“Specifically, we’ll start crawling HTTPS equivalents of HTTP pages, even when the former are not linked to from any page,” Google said in its announcement. “When two URLs from the same domain appear to have the same content but are served over different protocol schemes, we’ll typically choose to index the HTTPS URL.”
Google has been a frontrunner in promoting the Electronic Frontier Foundation’s and Tor’s HTTPS Everywhere extension, which offers a secure connection for web requests where none exists. It was also among the first to offer HTTPS by default for Gmail and most of its online services.

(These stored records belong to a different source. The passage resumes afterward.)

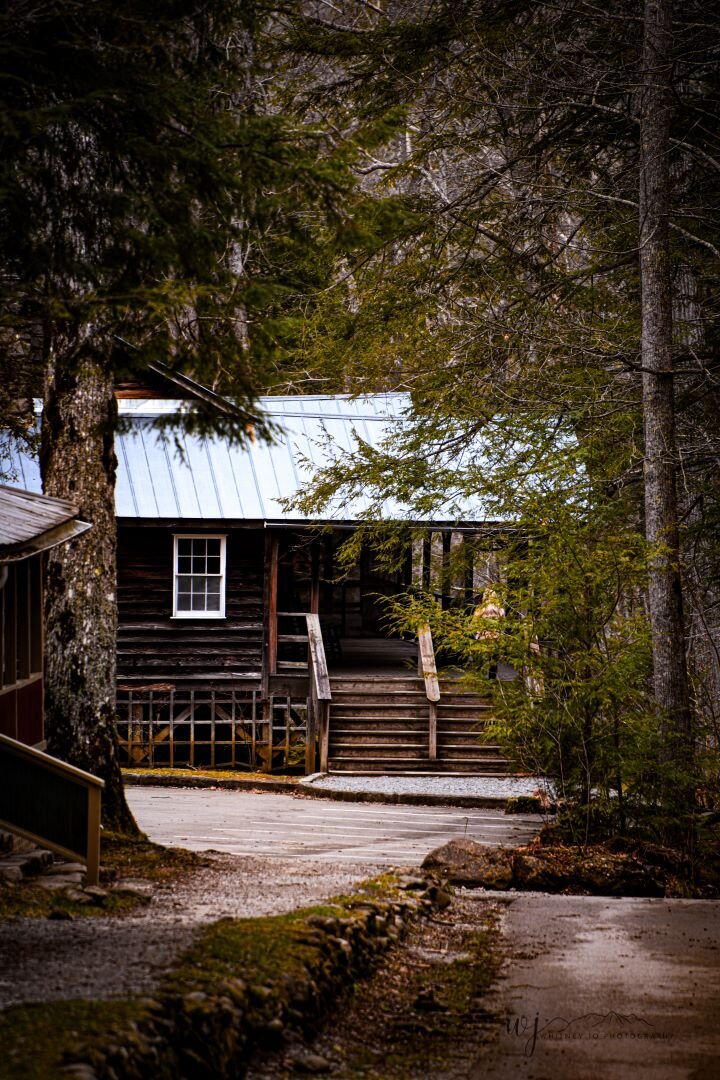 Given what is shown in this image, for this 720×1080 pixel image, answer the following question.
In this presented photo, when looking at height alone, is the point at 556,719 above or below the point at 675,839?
above

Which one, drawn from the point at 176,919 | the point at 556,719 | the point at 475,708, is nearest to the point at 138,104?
the point at 176,919

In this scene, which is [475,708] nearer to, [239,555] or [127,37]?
[239,555]

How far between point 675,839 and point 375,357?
6.99 meters

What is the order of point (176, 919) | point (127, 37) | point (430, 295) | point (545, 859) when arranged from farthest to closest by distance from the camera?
point (430, 295) < point (545, 859) < point (176, 919) < point (127, 37)

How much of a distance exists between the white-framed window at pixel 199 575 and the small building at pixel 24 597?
10927mm

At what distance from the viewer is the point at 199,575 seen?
2259 centimetres

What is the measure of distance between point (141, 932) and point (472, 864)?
4776mm

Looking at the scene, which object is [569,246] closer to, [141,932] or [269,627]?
[269,627]

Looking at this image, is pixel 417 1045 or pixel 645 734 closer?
pixel 417 1045

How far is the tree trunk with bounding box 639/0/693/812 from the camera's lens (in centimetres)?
1270

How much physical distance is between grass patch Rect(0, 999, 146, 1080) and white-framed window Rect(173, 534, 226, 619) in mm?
17313

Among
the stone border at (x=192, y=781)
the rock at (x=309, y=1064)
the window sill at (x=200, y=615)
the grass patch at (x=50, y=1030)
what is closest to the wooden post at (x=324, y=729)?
the stone border at (x=192, y=781)

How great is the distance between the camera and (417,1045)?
20.8ft

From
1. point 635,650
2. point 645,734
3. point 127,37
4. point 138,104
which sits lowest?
point 645,734
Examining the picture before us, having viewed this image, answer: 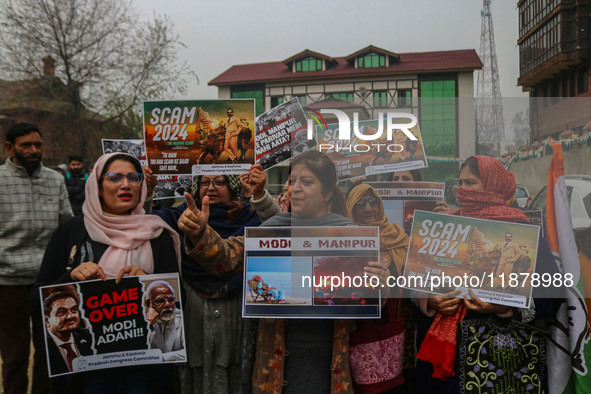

It also responded quickly to revelations made in the Snowden documents that the National Security Agency was tapping connections between its overseas data centers by encrypting those critical connections.
Yesterday’s announcement does hinge on a handful of conditions, Google said:
- It doesn’t contain insecure dependencies.
- It isn’t blocked from crawling by robots.txt.
- It doesn’t redirect users to or through an insecure HTTP page.
- It doesn’t have a rel=”canonical” link to the HTTP page.
- It doesn’t contain a noindex robots meta tag.
- It doesn’t have on-host outlinks to HTTP URLs.
- The sitemaps lists the HTTPS URL, or doesn’t list the HTTP version of the URL.
- The server has a valid TLS certificate.
“Although our systems prefer the HTTPS version by default, you can also make this clearer for other search engines by redirecting your HTTP site to your HTTPS version and by implementing the HSTS header on your server,” Google said.